My thought process behind this question really isn't so much art vs capitalism (that's part of it) as it is how does the system we operate in is effecting gifted artists and what they create. I wrote in the OP, somewhat tongue in cheek, that our most gifted musicians are writing pop songs but sadly there is some of truth to it. Successfully writing a top 40 hit or a commercial jingle more often then not will yield an artist significantly more money then writing an an opera or symphony (of course that depends on weather or not you feel a great musical work has any value beyond entertainment then it probably doesn't matter), its easier to do and you can produce a lot more work. There are musicians out there right now who have attended the best musical schools in the world sitting at a piano trying to come up with a hook for the next teen pop star rather then trying to perfect an aria.
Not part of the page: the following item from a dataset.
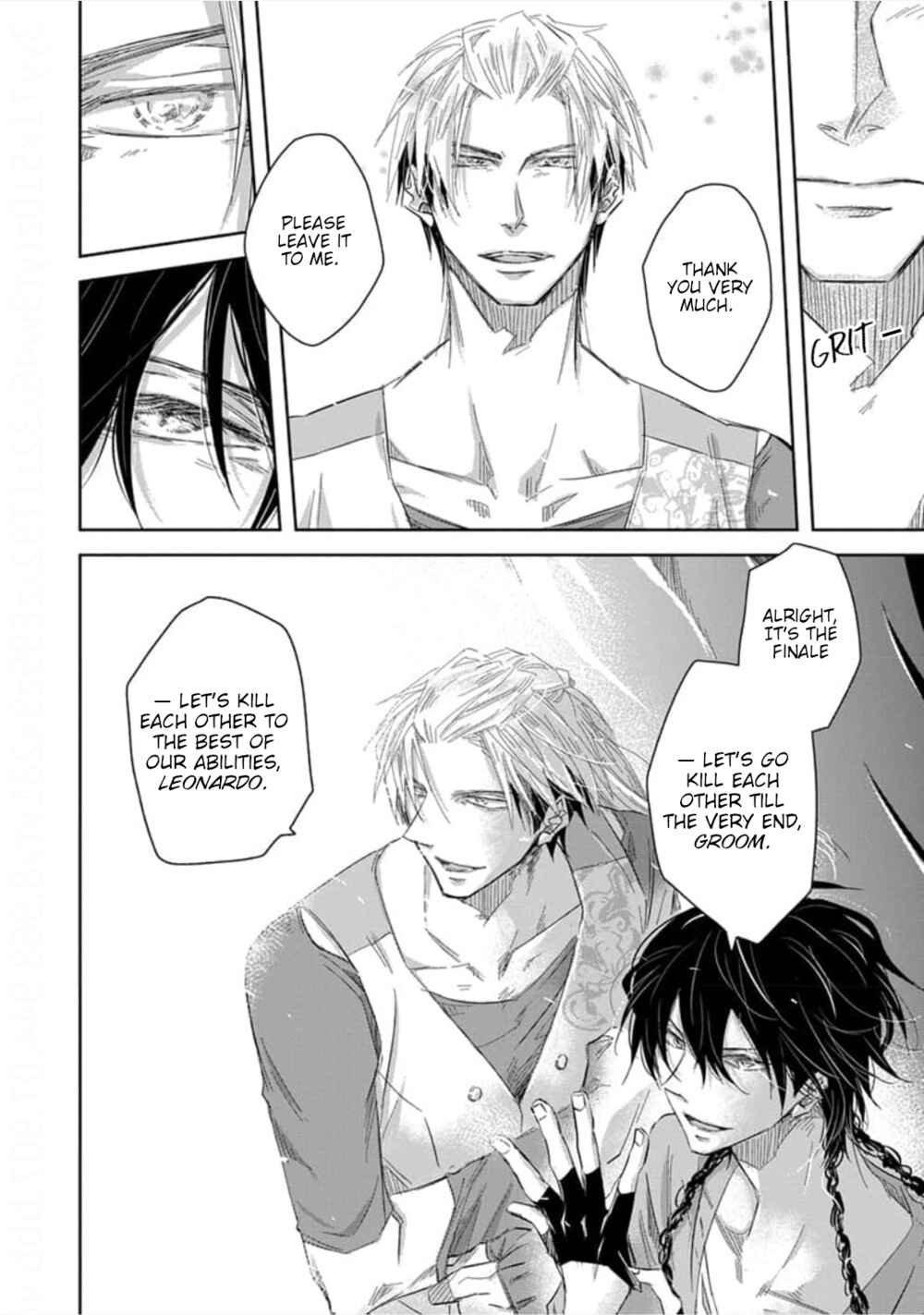 Page 26 Chapter 33 Dakaretai Otoko Ichii ni Odosarete Imasu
How many times have you gotten into a great underground band only to watch them sign to a major label and suddenly their dynamic, interesting sound has been replaced with mediocre, streamlined, radio friendly tunes? A record label will expect a band they sign to yield a profit and to do so the artist will have to either temper his sound for wider appeal or risk getting dropped and going back to work at Burger King. The band initially had that sound because it was made up of talented musicians and songwriters capable of creating something significant and influential yet to make a real living that talent is instead being used to create something more designed for mass consumption then any other reason. Whatever statement or impact they wanted to make has long since been lost by the time the final product finds its way to the public possibly rendering from being something great to just mildly interesting.

Now I'm focusing on music here because I'm more familiar with it but I can't imagine its much different for other art genres. But are brilliant visual artists spending their best years at a computer creating graphics for car ads? Sculptors creating corporate art to sit in the lobby of a new skyscraper, playwrights having to work with in the confines of what sells on Broadway...ect ect

Anyway it does depend on how you define art or what you actually do consider to be art, certainly beauty is in the eye of the beholder. But I have wondered if the overall quality and abundance of great works has suffered in the process. I'm not entirely sure myself, which is why I thought it might make for an interesting discussion and it has.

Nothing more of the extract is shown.